Report on Akutan (United States) — November 1991
Bulletin of the Global Volcanism Network, vol. 16, no. 11 (November 1991)
Managing Editor: Lindsay McClelland.
Akutan (United States) Summit tephra emission
Please cite this report as:
Global Volcanism Program, 1991. Report on Akutan (United States) (McClelland, L., ed.). Bulletin of the Global Volcanism Network, 16:11. Smithsonian Institution.
54.134°N, 165.986°W; summit elev. 1303 m
All times are local (unless otherwise noted)
Summit tephra emissions resumed in mid-September . . . . Observer's initials, in brackets, follow their information in the chronology below.
15 September: Voluminous black emissions rose ~300 m from the summit cone between 0800 and 0900. White steam with some black material was briefly emitted shortly after 0900 [F/R].
27 September: Dark gray, billowing plume to roughly 2,500 m altitude seen from an aircraft during the morning [DT]. Clouds obscured the volcano during the afternoon.
29 September: Small tephra plume to <2,500 m altitude seen from an aircraft at 1315 [JR]. Six brief tephra emissions, the first three at 1517, 1520, and 1535, fed black to light-brown plumes that rose to an estimated 3,000 m within a minute [MO]. Black plume emission was observed for 3 minutes at about 1800 [T]. Another plume rose ~4,500 m sometime between 2000 and 2100 [MO]. Snow on the volcano remained white that evening, but was ash-covered by the next afternoon, when some fine ash was evident on flat surfaces 12.5 km E of the volcano (in Akutan village) [MO & BJ].
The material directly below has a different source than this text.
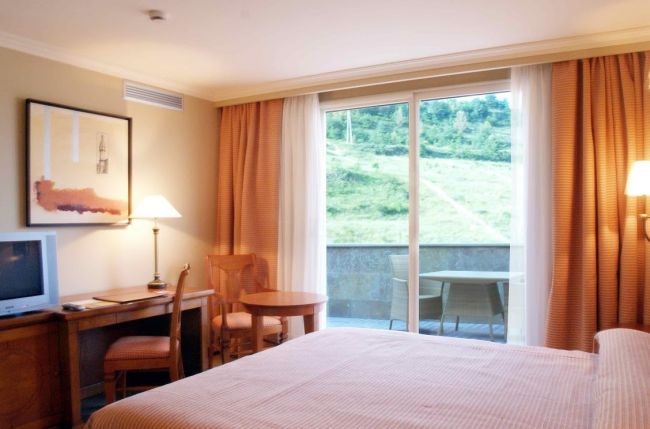 ¡Hotel 3* en Pamplona + cenas! - BuscoUnChollo.com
11 October: Plumes rose briefly to about 2,400 m and 2,100 m altitudes at 1030 and 1100, respectively [DT].
13 October: Trace of ash fell on Akutan village. Ash was seen falling through clouds on the W end of Akutan Bay [MO].
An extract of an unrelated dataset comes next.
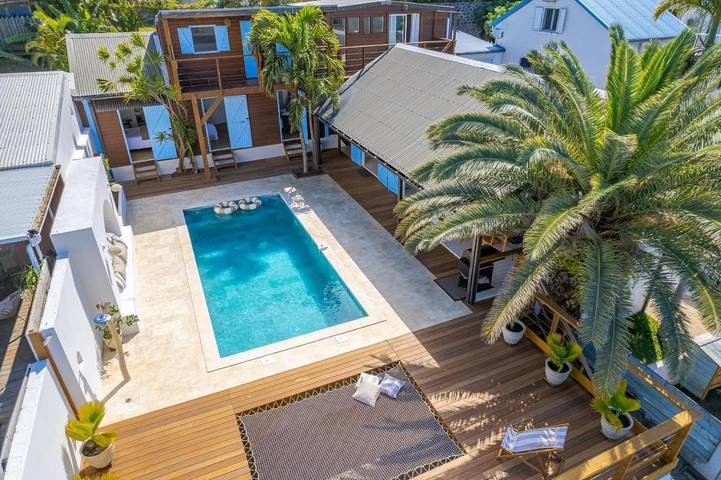 Villa pour 8 personnes, avec jardin ainsi que vue et piscine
14 October: Emission of gas and black ash was nearly continuous, to roughly 1,000 m above the summit. Larger explosive episodes occurred approximately hourly; the first was observed at 0935 (shortly after dawn), rising 1,500-1,800 m above the volcano [MO & NS]. Six dark plumes rose at least 500 m above the volcano between 1530 and 1730 [BJ]. One, at 1721, reached 1,500 m above the summit [JW].
18 October: Continuous steaming, with emission of at least 6 dark short-lived plumes to 450-600 m height [MO].
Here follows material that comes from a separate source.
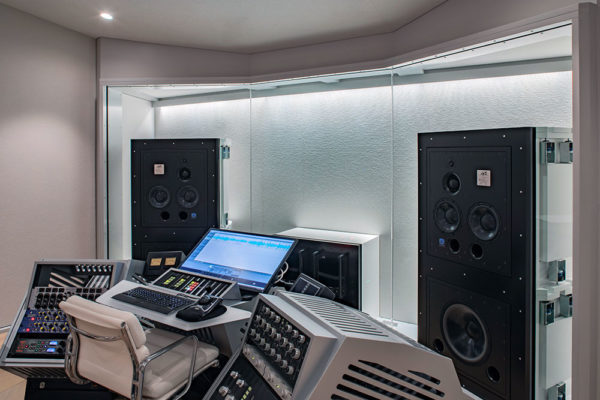 Sterling Sound Mastering, NJ, USA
19 October: Ash blackened snow down to the snow-line (at about 300 m altitude) [BJ].
30 October: White gas plume about 600 m high emitted between 0800 and 1000. No gas emission was evident between 1300 and 1500, but ash had fallen N of the crater rim since the last snow, 2 days earlier [ML].
Observers (initials in brackets): F/R - unidentified fisherman aboard the Richards (Seattle); DT and JR - Darren Talmadge and Jodeann Ryan, MarkAir; MO, BJ, and ML - Mark Owen, Bret Joines, and Michael Lockhart, Trident Seafood; T - crew of the Tarpon (Petropavlovsk-Kamchatsky); NS - Nick Sias (Peninsula Airways); JW - Jack Wood, OESI Corp.
Geologic Background. One of the most active volcanoes of the Aleutian arc, Akutan contains 2-km-wide caldera with an active intracaldera cone. An older, largely buried caldera was formed during the late Pleistocene or early Holocene. Two volcanic centers are located on the NW flank. Lava Peak is of Pleistocene age, and a cinder cone lower on the flank produced a lava flow in 1852 that extended the shoreline of the island and forms Lava Point. The 60-365 m deep younger caldera was formed during a major explosive eruption about 1600 years ago and contains at least three lakes. The currently active large cinder cone in the NE part of the caldera has been the source of frequent explosive eruptions with occasional lava effusion that blankets the caldera floor. A lava flow in 1978 traveled through a narrow breach in the north caldera rim almost to the coast. Fumaroles occur at the base of the caldera cinder cone, and hot springs are located NE of the caldera at the head of Hot Springs Bay valley and along the shores of Hot Springs Bay.
Information Contacts: J. Reeder, ADGGS.